Github-flavored Markdown to html python and command line interface.

Project description

github-flavored-markdown-to-html

Convert Markdown to html via python or with a command line interface. Uses Githubs online Markdown-to-html-API as well as Githubs Markdown-CSS. Requires internet connection to work.

This module is intended to be used for the creation of static pages from markdown files, for example in conjunction with a static website builder or github actions if you host on Github, but can be very well used for any other purpose. It also allows you to convert the html files to pdf on the fly.

Advantages include:

  • Lets you specify the markdown to convert as a string, as a repository path, as a local file name or as a hyperlink.
  • Pulls any images referenced in the markdown files from the web/ your local storage and places them in a directory relative to your website root, so you can host it all locally without relying on third-party-websites.
  • Creates all links as root-relative hyperlinks and lets you specify the root directory as well as the locations for css and images, but uses smart standard values for everything.
  • Supports inline LaTeX-formulas (use $-formula-$ to use them), which GitHub usually doesn't (this is done using the Codecogs EqnEditor).
  • Supports exporting as pdf with or without Github styling, using the pdfkit python module (if it is installed).
  • Tested and optimized to look good when using Darkreader (the .js-module, not nessesarily the browser extension. This means that formulas are displayed with a light text when in darkmode, amongst other things).

Whilst using pandoc to convert from markdown to pdf usually yields more beautiful results (pandoc uses LaTeX, after all), gh-md-to-html has its own set of advantages when it comes to quickly converting complex files for a homework assignment or other purposes where reliability weights more than beauty:

  • pandoc converts .md to LaTeX and then renders it to pdf, which means that images embedded in the .md are shown where they fit best in the .pdf and not, how one would expect it from a .md-file, exactly where they were embedded.
  • pandoc supports formulas, but sometimes fails when rendering these formulas from LaTeX to HTML. The message given when this happens shows the LaTeX line numbers instead of the .md line numbers, which makes it difficult to debug, and the reason is usually just something along the lines of whitespace before or after the dollar sign, even though said whitespace didn't lead to any problems in MarkText (which also often fails to export without any error message) or other markdown editors. The worst thing that can happen with gh-md-to-html, on the other hand, is that a formula isn't rendered at all, in which case the source of the problem can be easily found.
  • pandoc comes with multiple .md-to-LaTeX-engines to choose from when converting .md to .pdf, but all of these either don't support nestled bullet-point lists and multiline bullet point entries (in case of the default engine) or don't support formulas (in case of the other ones).

Installation

Use pip3 install gh-md-to-html to install directly from the python package index, or python3 -m pip install ... if you are on windows.

Or use

git clone https://github.com/phseiff/github-flavored-markdown-to-html.git
cd github-flavored-markdown-to-html
pip3 install .

to clone from master and add changes before installing.

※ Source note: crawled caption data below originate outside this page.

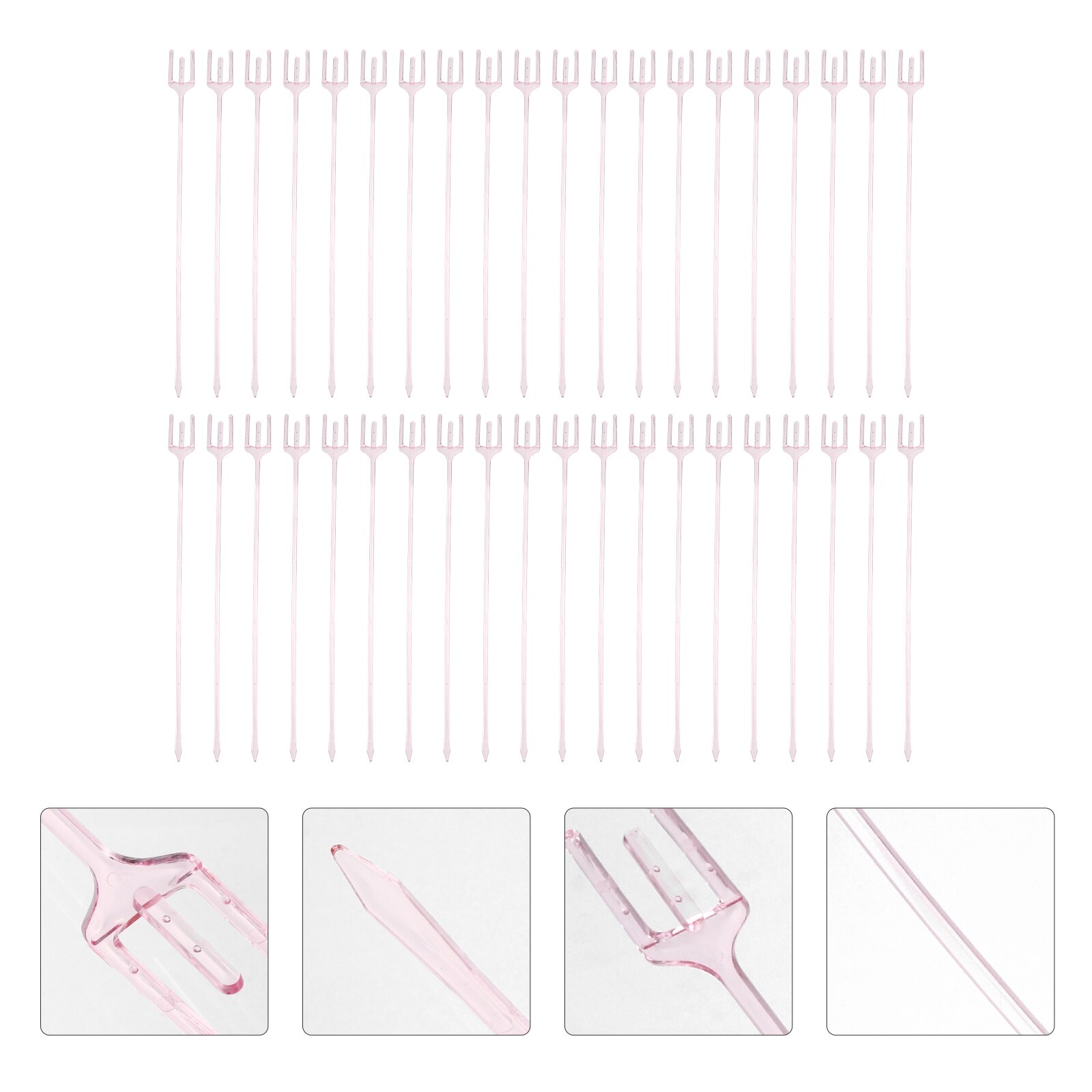 100pcs Floral Card Holder Picks Plastic Bouquet Trident Picks for Florist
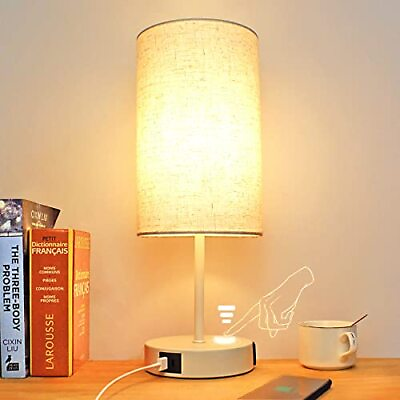 #ad Touch Control Table Lamp 3 Way Dimmable Bedside Desk Lamp with 2 Fast USB Por... $38.61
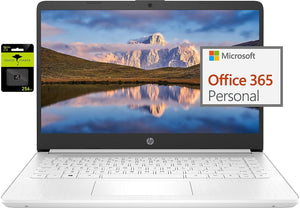 HP más nuevo portátil ultraligero de 14" para estudiantes y empresas, Intel Quad-Core N4120, 8 GB de RAM, 192 GB de almacenamiento (64 GB eMMC+128 GB Micro SD), 1 año de Office 365, cámara web, HDMI, WiFi, USB-A y C, Win 11 S 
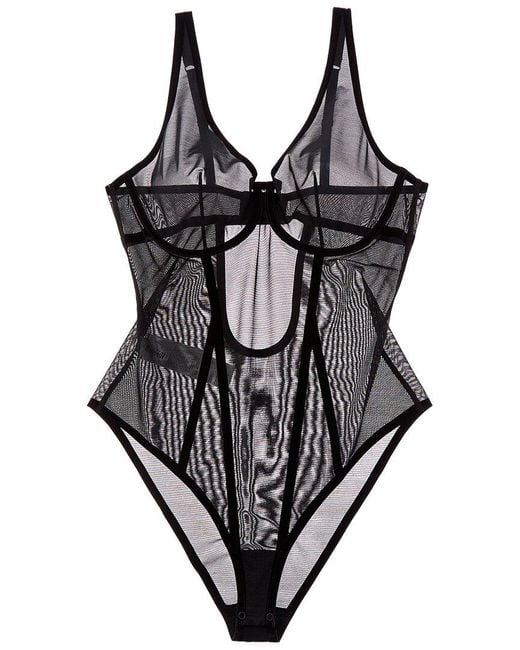 Wolford Black Bonded To Tulle Underwire Shaping Bodysuit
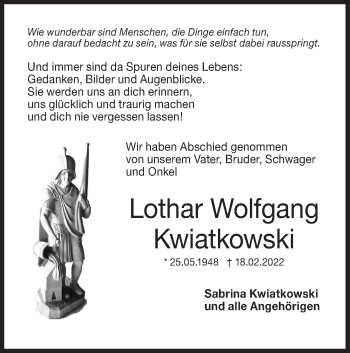 Traueranzeige von Lothar Wolfgang Kwiatkowski von NWZ Neue Württembergische Zeitung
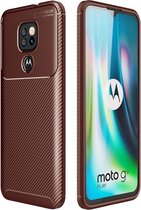 Carbon Fiber TPU Back Cover - Motorola Moto G9 Play Hoesje - Bruin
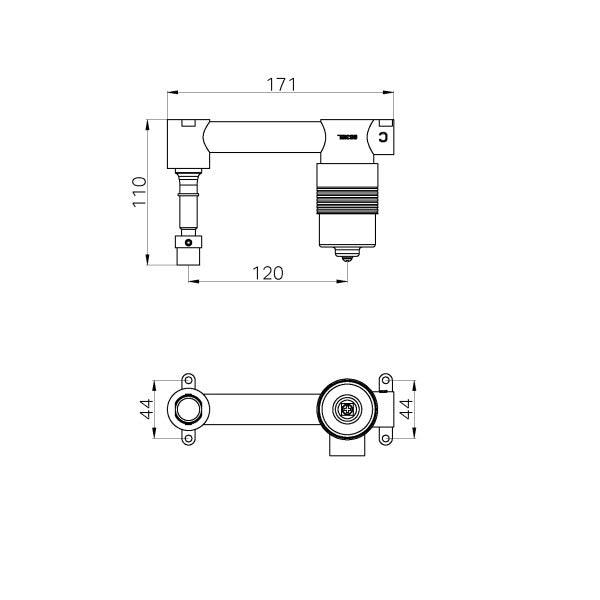 Nero SS316L Progressive Universal Wall Basin/Bath Mixer Body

Both might require sudo on Linux, and you can optionally do python3 -m pip install pdfkit (if you want to use the optional pdf features) to include pdf support into your installation.

Usage

If you want to access the interface with your command line, you can just supply gh-md-to-html with the arguments documented in the help text (accessible with gh-md-to-html -h and shown below). On windows, you must supply python3 -m gh_md_to_html with the corresponding arguments.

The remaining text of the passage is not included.